⟨

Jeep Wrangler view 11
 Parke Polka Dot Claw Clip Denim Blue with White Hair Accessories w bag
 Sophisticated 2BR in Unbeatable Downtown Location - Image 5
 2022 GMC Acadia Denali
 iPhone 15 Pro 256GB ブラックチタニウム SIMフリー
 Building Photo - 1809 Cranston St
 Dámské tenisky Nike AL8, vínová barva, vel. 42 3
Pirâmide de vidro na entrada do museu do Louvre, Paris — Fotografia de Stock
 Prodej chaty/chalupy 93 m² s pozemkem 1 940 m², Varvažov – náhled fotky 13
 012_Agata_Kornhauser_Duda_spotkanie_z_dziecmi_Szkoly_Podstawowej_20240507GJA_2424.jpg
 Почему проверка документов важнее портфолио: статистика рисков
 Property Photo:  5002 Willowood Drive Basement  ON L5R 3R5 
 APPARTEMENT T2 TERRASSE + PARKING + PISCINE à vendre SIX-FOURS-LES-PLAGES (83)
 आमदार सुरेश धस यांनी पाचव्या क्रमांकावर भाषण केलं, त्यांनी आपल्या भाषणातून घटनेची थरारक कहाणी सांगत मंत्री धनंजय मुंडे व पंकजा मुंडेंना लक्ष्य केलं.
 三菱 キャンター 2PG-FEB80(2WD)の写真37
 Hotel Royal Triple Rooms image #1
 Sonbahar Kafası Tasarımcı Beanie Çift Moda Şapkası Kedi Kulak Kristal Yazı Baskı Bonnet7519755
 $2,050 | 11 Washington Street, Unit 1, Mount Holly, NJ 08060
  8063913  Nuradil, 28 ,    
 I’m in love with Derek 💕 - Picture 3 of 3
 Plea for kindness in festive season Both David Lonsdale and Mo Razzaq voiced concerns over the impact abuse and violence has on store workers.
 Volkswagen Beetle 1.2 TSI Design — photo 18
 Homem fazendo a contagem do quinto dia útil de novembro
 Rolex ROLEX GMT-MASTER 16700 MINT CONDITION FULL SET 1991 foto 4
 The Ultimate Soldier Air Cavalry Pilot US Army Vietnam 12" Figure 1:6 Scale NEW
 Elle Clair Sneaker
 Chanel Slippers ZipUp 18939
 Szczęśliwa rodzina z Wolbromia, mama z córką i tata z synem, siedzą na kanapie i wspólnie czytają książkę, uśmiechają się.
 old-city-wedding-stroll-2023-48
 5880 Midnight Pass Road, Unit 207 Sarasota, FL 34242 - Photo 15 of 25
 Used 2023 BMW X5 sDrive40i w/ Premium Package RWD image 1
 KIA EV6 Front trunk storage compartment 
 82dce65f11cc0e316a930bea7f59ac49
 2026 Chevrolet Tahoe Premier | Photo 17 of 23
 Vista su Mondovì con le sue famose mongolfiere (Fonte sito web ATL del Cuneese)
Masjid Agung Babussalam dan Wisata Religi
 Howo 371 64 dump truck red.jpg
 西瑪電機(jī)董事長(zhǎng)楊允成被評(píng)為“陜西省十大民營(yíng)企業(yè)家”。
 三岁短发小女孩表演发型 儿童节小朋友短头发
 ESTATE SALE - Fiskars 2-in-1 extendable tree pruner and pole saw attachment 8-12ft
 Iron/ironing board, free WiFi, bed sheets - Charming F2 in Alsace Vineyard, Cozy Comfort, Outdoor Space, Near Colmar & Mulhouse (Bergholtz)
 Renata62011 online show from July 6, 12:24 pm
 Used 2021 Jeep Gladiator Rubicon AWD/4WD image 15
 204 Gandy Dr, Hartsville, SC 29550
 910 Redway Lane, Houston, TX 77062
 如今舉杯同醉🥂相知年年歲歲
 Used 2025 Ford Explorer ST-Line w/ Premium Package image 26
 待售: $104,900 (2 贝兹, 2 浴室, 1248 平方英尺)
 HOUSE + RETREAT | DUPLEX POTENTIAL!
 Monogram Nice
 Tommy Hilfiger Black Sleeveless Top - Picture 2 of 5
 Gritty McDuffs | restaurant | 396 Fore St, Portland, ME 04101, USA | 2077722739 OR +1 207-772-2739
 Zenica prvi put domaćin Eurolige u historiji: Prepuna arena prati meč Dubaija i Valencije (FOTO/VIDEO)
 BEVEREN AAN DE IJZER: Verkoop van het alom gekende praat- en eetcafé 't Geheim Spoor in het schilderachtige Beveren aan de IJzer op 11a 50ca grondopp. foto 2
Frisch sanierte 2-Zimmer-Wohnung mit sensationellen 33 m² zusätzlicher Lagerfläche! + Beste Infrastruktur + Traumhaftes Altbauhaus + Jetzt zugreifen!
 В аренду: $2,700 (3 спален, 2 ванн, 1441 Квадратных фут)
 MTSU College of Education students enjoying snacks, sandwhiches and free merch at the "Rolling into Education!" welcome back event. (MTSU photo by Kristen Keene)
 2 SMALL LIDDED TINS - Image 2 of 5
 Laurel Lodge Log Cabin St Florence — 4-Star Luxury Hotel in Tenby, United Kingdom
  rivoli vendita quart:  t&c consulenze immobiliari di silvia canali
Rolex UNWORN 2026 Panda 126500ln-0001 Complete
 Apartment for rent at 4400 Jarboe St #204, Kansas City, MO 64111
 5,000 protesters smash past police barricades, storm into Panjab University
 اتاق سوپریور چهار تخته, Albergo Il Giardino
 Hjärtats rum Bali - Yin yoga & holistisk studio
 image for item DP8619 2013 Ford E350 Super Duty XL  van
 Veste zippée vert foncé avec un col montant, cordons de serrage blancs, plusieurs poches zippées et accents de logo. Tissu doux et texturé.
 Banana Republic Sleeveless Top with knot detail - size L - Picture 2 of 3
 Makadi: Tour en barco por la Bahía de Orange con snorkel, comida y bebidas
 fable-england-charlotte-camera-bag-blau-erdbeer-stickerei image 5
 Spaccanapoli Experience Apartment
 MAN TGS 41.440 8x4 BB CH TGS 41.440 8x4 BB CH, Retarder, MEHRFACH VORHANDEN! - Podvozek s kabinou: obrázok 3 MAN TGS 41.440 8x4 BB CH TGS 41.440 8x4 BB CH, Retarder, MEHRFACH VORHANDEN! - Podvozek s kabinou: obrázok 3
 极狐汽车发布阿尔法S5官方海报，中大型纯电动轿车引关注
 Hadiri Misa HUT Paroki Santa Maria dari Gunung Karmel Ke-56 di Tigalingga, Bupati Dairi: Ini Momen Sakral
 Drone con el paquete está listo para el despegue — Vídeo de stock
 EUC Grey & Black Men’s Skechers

⟩

> **How to complete this task**:
Using the listing above, retype each line exactly.

> **Result of the exercise**:
Jeep Wrangler view 11
 Parke Polka Dot Claw Clip Denim Blue with White Hair Accessories w bag
 Sophisticated 2BR in Unbeatable Downtown Location - Image 5
 2022 GMC Acadia Denali
 iPhone 15 Pro 256GB ブラックチタニウム SIMフリー
 Building Photo - 1809 Cranston St
 Dámské tenisky Nike AL8, vínová barva, vel. 42 3
Pirâmide de vidro na entrada do museu do Louvre, Paris — Fotografia de Stock
 Prodej chaty/chalupy 93 m² s pozemkem 1 940 m², Varvažov – náhled fotky 13
 012_Agata_Kornhauser_Duda_spotkanie_z_dziecmi_Szkoly_Podstawowej_20240507GJA_2424.jpg
 Почему проверка документов важнее портфолио: статистика рисков
 Property Photo:  5002 Willowood Drive Basement  ON L5R 3R5 
 APPARTEMENT T2 TERRASSE + PARKING + PISCINE à vendre SIX-FOURS-LES-PLAGES (83)
 आमदार सुरेश धस यांनी पाचव्या क्रमांकावर भाषण केलं, त्यांनी आपल्या भाषणातून घटनेची थरारक कहाणी सांगत मंत्री धनंजय मुंडे व पंकजा मुंडेंना लक्ष्य केलं.
 三菱 キャンター 2PG-FEB80(2WD)の写真37
 Hotel Royal Triple Rooms image #1
 Sonbahar Kafası Tasarımcı Beanie Çift Moda Şapkası Kedi Kulak Kristal Yazı Baskı Bonnet7519755
 $2,050 | 11 Washington Street, Unit 1, Mount Holly, NJ 08060
  8063913  Nuradil, 28 ,    
 I’m in love with Derek 💕 - Picture 3 of 3
 Plea for kindness in festive season Both David Lonsdale and Mo Razzaq voiced concerns over the impact abuse and violence has on store workers.
 Volkswagen Beetle 1.2 TSI Design — photo 18
 Homem fazendo a contagem do quinto dia útil de novembro
 Rolex ROLEX GMT-MASTER 16700 MINT CONDITION FULL SET 1991 foto 4
 The Ultimate Soldier Air Cavalry Pilot US Army Vietnam 12" Figure 1:6 Scale NEW
 Elle Clair Sneaker
 Chanel Slippers ZipUp 18939
 Szczęśliwa rodzina z Wolbromia, mama z córką i tata z synem, siedzą na kanapie i wspólnie czytają książkę, uśmiechają się.
 old-city-wedding-stroll-2023-48
 5880 Midnight Pass Road, Unit 207 Sarasota, FL 34242 - Photo 15 of 25
 Used 2023 BMW X5 sDrive40i w/ Premium Package RWD image 1
 KIA EV6 Front trunk storage compartment 
 82dce65f11cc0e316a930bea7f59ac49
 2026 Chevrolet Tahoe Premier | Photo 17 of 23
 Vista su Mondovì con le sue famose mongolfiere (Fonte sito web ATL del Cuneese)
Masjid Agung Babussalam dan Wisata Religi
 Howo 371 64 dump truck red.jpg
 西瑪電機(jī)董事長(zhǎng)楊允成被評(píng)為“陜西省十大民營(yíng)企業(yè)家”。
 三岁短发小女孩表演发型 儿童节小朋友短头发
 ESTATE SALE - Fiskars 2-in-1 extendable tree pruner and pole saw attachment 8-12ft
 Iron/ironing board, free WiFi, bed sheets - Charming F2 in Alsace Vineyard, Cozy Comfort, Outdoor Space, Near Colmar & Mulhouse (Bergholtz)
 Renata62011 online show from July 6, 12:24 pm
 Used 2021 Jeep Gladiator Rubicon AWD/4WD image 15
 204 Gandy Dr, Hartsville, SC 29550
 910 Redway Lane, Houston, TX 77062
 如今舉杯同醉🥂相知年年歲歲
 Used 2025 Ford Explorer ST-Line w/ Premium Package image 26
 待售: $104,900 (2 贝兹, 2 浴室, 1248 平方英尺)
 HOUSE + RETREAT | DUPLEX POTENTIAL!
 Monogram Nice
 Tommy Hilfiger Black Sleeveless Top - Picture 2 of 5
 Gritty McDuffs | restaurant | 396 Fore St, Portland, ME 04101, USA | 2077722739 OR +1 207-772-2739
 Zenica prvi put domaćin Eurolige u historiji: Prepuna arena prati meč Dubaija i Valencije (FOTO/VIDEO)
 BEVEREN AAN DE IJZER: Verkoop van het alom gekende praat- en eetcafé 't Geheim Spoor in het schilderachtige Beveren aan de IJzer op 11a 50ca grondopp. foto 2
Frisch sanierte 2-Zimmer-Wohnung mit sensationellen 33 m² zusätzlicher Lagerfläche! + Beste Infrastruktur + Traumhaftes Altbauhaus + Jetzt zugreifen!
 В аренду: $2,700 (3 спален, 2 ванн, 1441 Квадратных фут)
 MTSU College of Education students enjoying snacks, sandwhiches and free merch at the "Rolling into Education!" welcome back event. (MTSU photo by Kristen Keene)
 2 SMALL LIDDED TINS - Image 2 of 5
 Laurel Lodge Log Cabin St Florence — 4-Star Luxury Hotel in Tenby, United Kingdom
  rivoli vendita quart:  t&c consulenze immobiliari di silvia canali
Rolex UNWORN 2026 Panda 126500ln-0001 Complete
 Apartment for rent at 4400 Jarboe St #204, Kansas City, MO 64111
 5,000 protesters smash past police barricades, storm into Panjab University
 اتاق سوپریور چهار تخته, Albergo Il Giardino
 Hjärtats rum Bali - Yin yoga & holistisk studio
 image for item DP8619 2013 Ford E350 Super Duty XL  van
 Veste zippée vert foncé avec un col montant, cordons de serrage blancs, plusieurs poches zippées et accents de logo. Tissu doux et texturé.
 Banana Republic Sleeveless Top with knot detail - size L - Picture 2 of 3
 Makadi: Tour en barco por la Bahía de Orange con snorkel, comida y bebidas
 fable-england-charlotte-camera-bag-blau-erdbeer-stickerei image 5
 Spaccanapoli Experience Apartment
 MAN TGS 41.440 8x4 BB CH TGS 41.440 8x4 BB CH, Retarder, MEHRFACH VORHANDEN! - Podvozek s kabinou: obrázok 3 MAN TGS 41.440 8x4 BB CH TGS 41.440 8x4 BB CH, Retarder, MEHRFACH VORHANDEN! - Podvozek s kabinou: obrázok 3
 极狐汽车发布阿尔法S5官方海报，中大型纯电动轿车引关注
 Hadiri Misa HUT Paroki Santa Maria dari Gunung Karmel Ke-56 di Tigalingga, Bupati Dairi: Ini Momen Sakral
 Drone con el paquete está listo para el despegue — Vídeo de stock
 EUC Grey & Black Men’s Skechers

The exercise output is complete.